Para quem não sabe, Bonjesino é meu velho personagem fictício, um mulato gigantesco no tamanho tanto vertical quanto horizontal. Boa-praça, de índole pacífica, ingênuo como uma criança, só fica zangado quando alguém critica os políticos brasileiros, especialmente os de sua(s) Bom Jesus, que ele julga os mais competentes, realizadores e honestos do Planeta. Aí, sai de baixo!
- Broinhas, é? Nem todos, nem todos. Olha um broão ali -, disse, apontando o indicador com uma unha duvidosa em direção ao seu acompanhante todo sorrisos.
- Tripé, chega mais -, berrou, apresentando-me: - Meu primo, chefia. Mais broa que fubá com leite no forno.
- Muito prazer -, disse o novo bólido, oferecendo a mão ameaçadora que deixou a minha mais que dolorida, com sintoma de esmagamento dos metacarpos.
- Ui, digo, prazer...
- Calçadino, às suas ordens -, fez uma mesura tão ampla que quase o derrubou.
- Mas... Tripé?
- Apelido de Calçadino, chefia.
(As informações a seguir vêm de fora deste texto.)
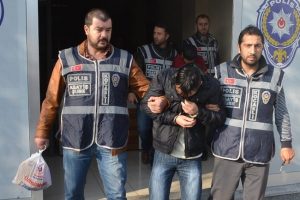 Hırsızlık &ccedil;etesi adliyeye sevk edildi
Botaram uma vez que o viram pelado..., aí pegou.
- Ah, entendi. A propósito, Bonjesino, você não tem apelido, pelo menos eu não conheço...
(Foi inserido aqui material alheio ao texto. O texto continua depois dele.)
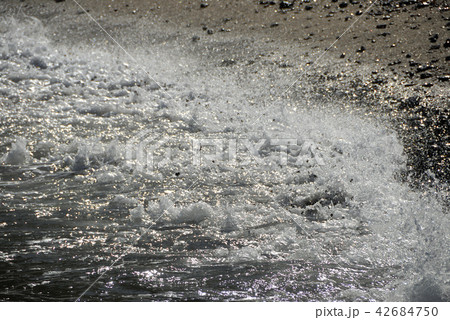 踊る波 42684750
- Bem que tentaram, chefia, mas comecei a dar porrada a três por dois, aí pararam...
- Qual era?
- Bonjesino Tromba.
- Entendi de novo.
- Zêinrriqui, viu como Calçado está uma maravilha? Nossa prefeita, além de bonita, elegante, é tão competente... Está transformando nossa cidade na mais moderna e desenvolvida do estado, do país, talvez do mundo... -, jogou Calçadino por terra com estas palavras minha esperança de que um confronto ideológico em família pudesse equilibrar os discursos de adoração.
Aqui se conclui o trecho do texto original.